Truth be known, it’s difficult to find solitude at Little Bighorn, even on trails away from the main road (watch for rattlesnakes!).
Nearly everyone makes the short drive from the Little Bighorn visitor center and military cemetery to the Custer monument atop Last Stand Hill. Be sure to cross the road and wander amid the Stonehedge-esque tribute to the tribes that fought here. The Crow and Shoshone aligned with the cavalry.
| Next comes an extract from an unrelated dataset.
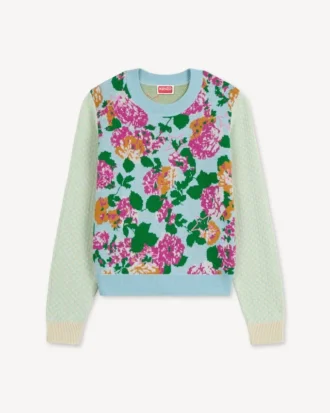 Kenzo Floral’ Embellished Jumper in Cotton Wool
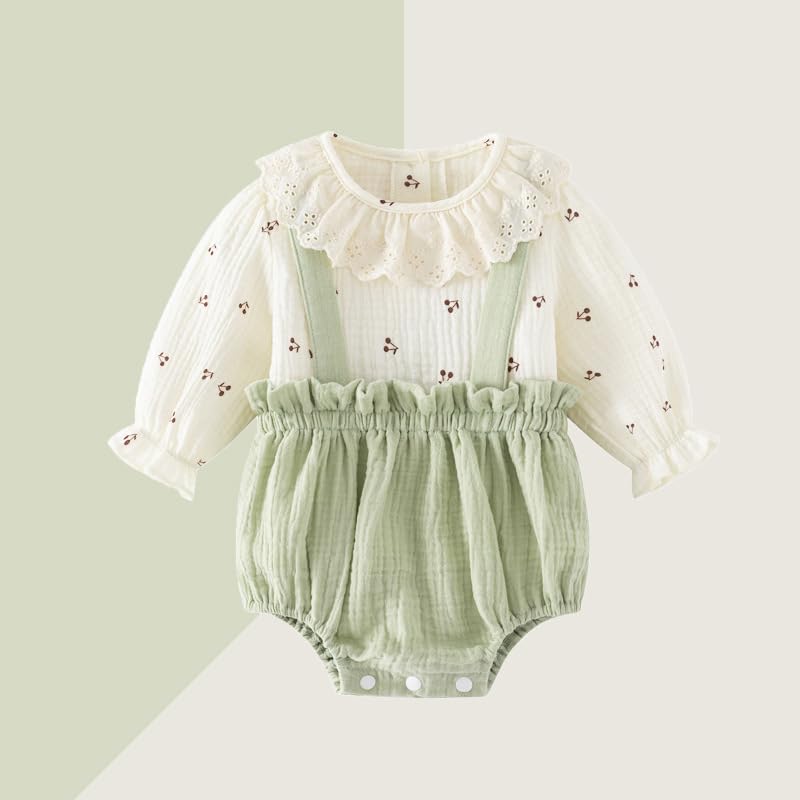 Baby Clothes Overalls Tops Clothes Bodysuit Girls Coveralls Long Sleeve Shirt Hair Accessory Set Baby Shichigosan Birthday Gift Gauze Green 90cm [Baby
The Lakota Sioux, Northern Cheyenne and Arapaho united against them.
No Indian battlefield in America is more tourist-oriented than Little Bighorn, where 263 soldiers lost their lives at the hands of Sitting Bull and other Sioux and Northern Cheyenne chiefs on June 25-26, 1876. The visitor center has an extraordinary collection of books and gifts. Interpreters give diverse talks highlighting all sides of the battle. The 4.5-mile tour of Little Bighorn and adjacent Reno-Benteen Battlefield features numerous stops for cell phone narratives.
Before or after visiting, be sure to stop at the Custer Battlefield Trading Post and Cafe. Highlights include Indian history books and an assortment of gifts made by members of the Crow tribe. You can get a burger and fries at the cafe, but we suggest the famous Indian taco and/or the Indian fry bread.
Hardin doesn’t offer much, but it’s worth taking a couple hours to explore the 35-acre Big Horn County Historical Museum.
If you do decide to stay in the area, options are lean: A Super 8 and Rodeway Inn, plus a couple mom-and-pop motels. Our choice is the Kendrick House Inn Bed & Breakfast, a 1915 Edwardian inn with five rooms.
If you can, schedule your visit around the annual Crow Fair Celebration Powwow and Rodeo. Every third week of August, Crow Agency becomes “the largest tipi in the world”. Some 50,000 people come from around the world for an extraordinary glimpse into a culture clinging to its ways. Note: 2018 should have a little extra bounce because Crow Fair will be celebrating its 100th year.